→ **Task to carry out**: The result is the exact lines from the one containing "Shadow: The Curious Morgan Horse" through the final line of the entries; leave out the pictures.

Material supplied: Begin

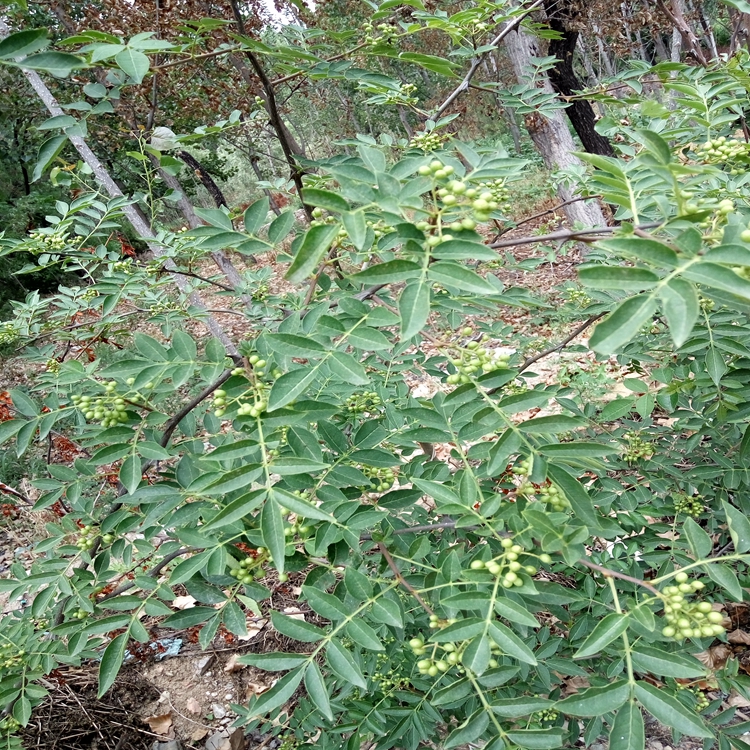 花椒苗下雨阳江市花椒苗诚心出售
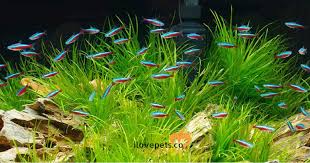 How Many Tetra Fish Can I Put In A 5 10 20 Gallons Or Liters Tank Tetra Fish Fresh Water Fish Tank Tropical Fish Tanks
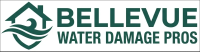 Bellevue Water Damage Pros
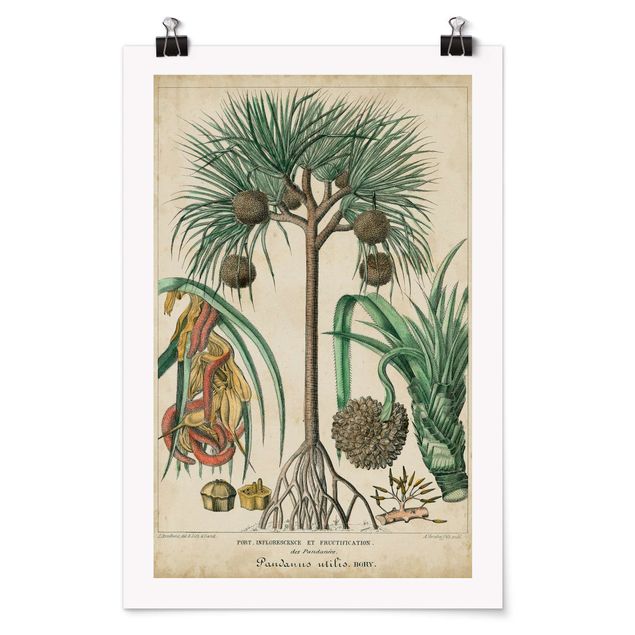 Wandbilder Floral Vintage Lehrtafel Exotische palmen I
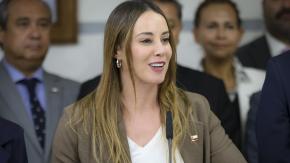 Las frases que dejó la entrevista a Sedini tras su salida del Gobierno: "Yo diría que hubo una campaña articulada" 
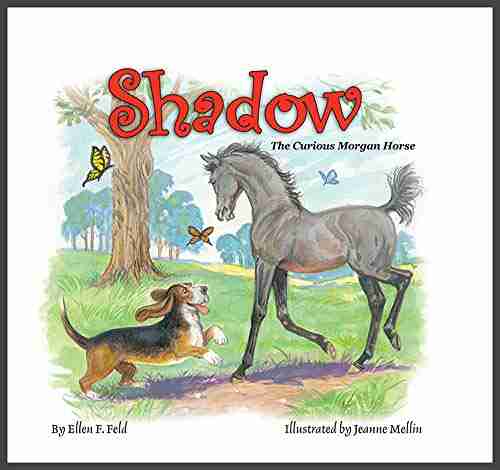 Shadow: The Curious Morgan Horse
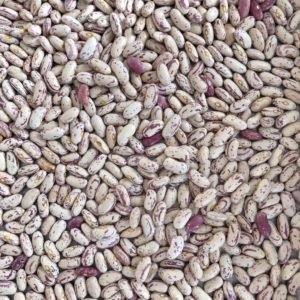 Speckled Sugar Beans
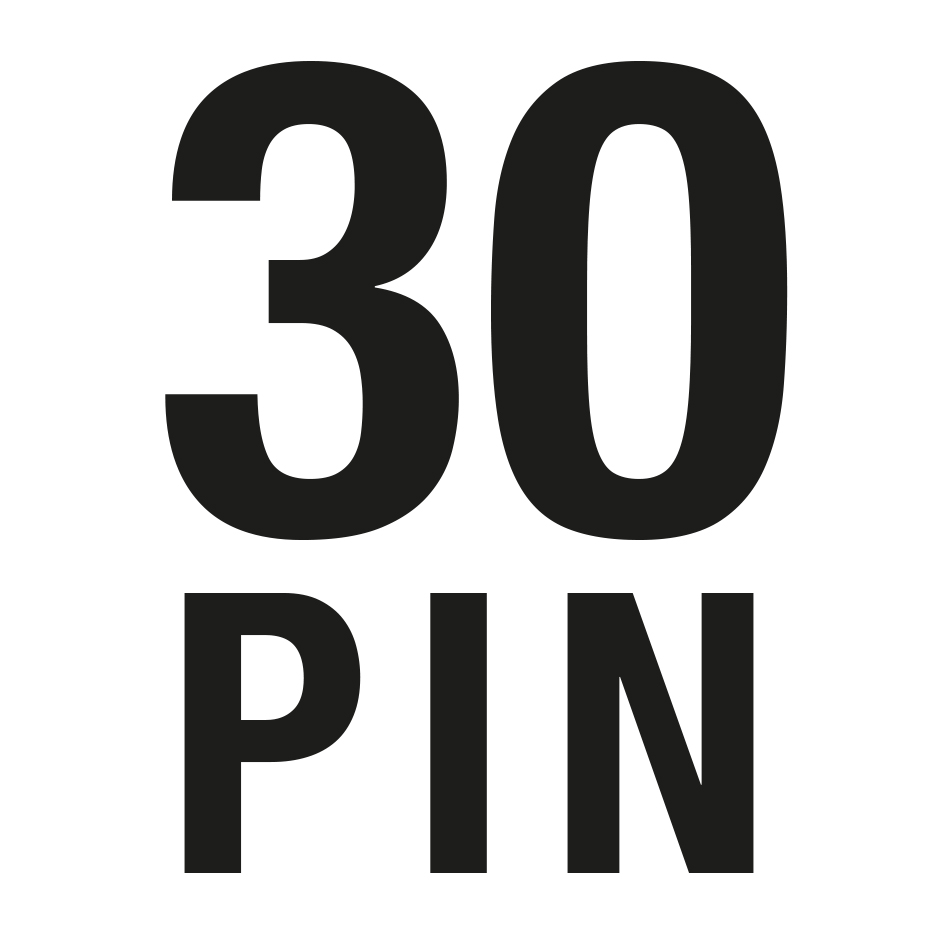 Stecker 30-Pin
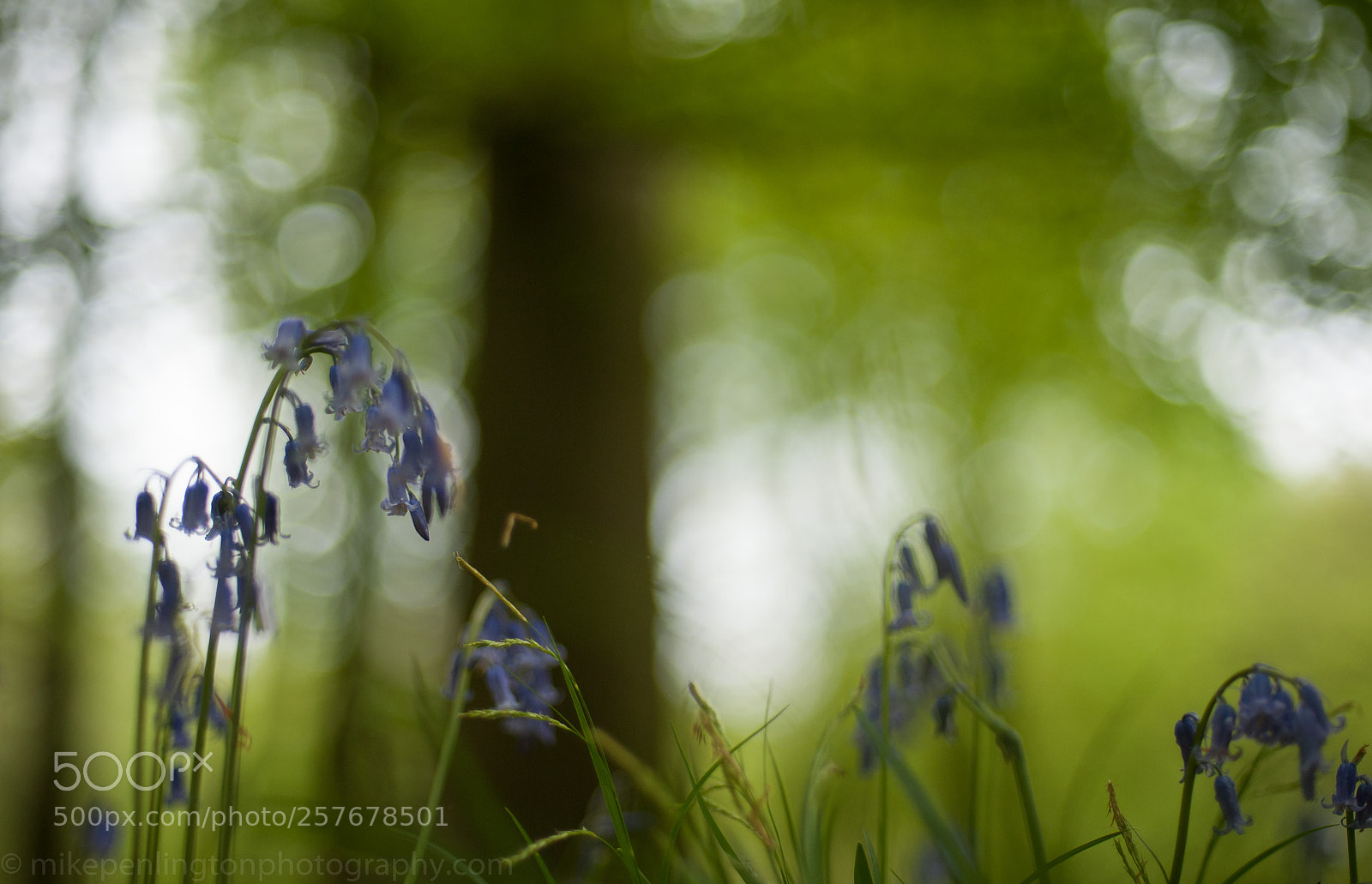 Nikon D700 sample photo. Ancient forest in england photography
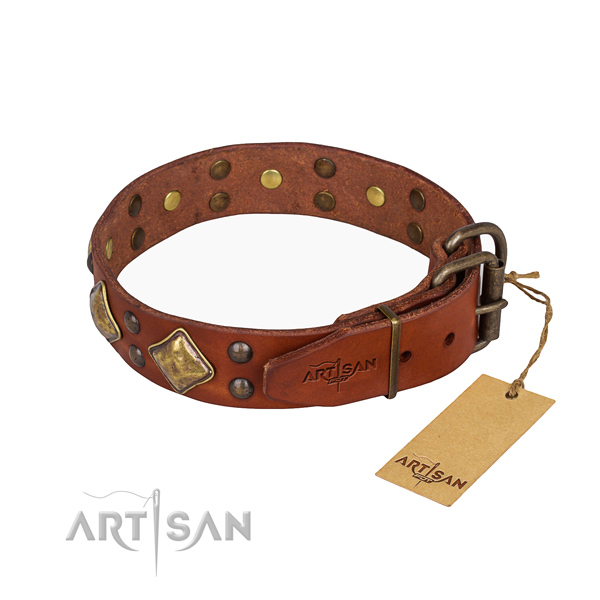 Awesome leather collar for your elegant dog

Material supplied: End

→ **Result of the task**:
 Shadow: The Curious Morgan Horse
 Speckled Sugar Beans
 Stecker 30-Pin
 Nikon D700 sample photo. Ancient forest in england photography
 Awesome leather collar for your elegant dog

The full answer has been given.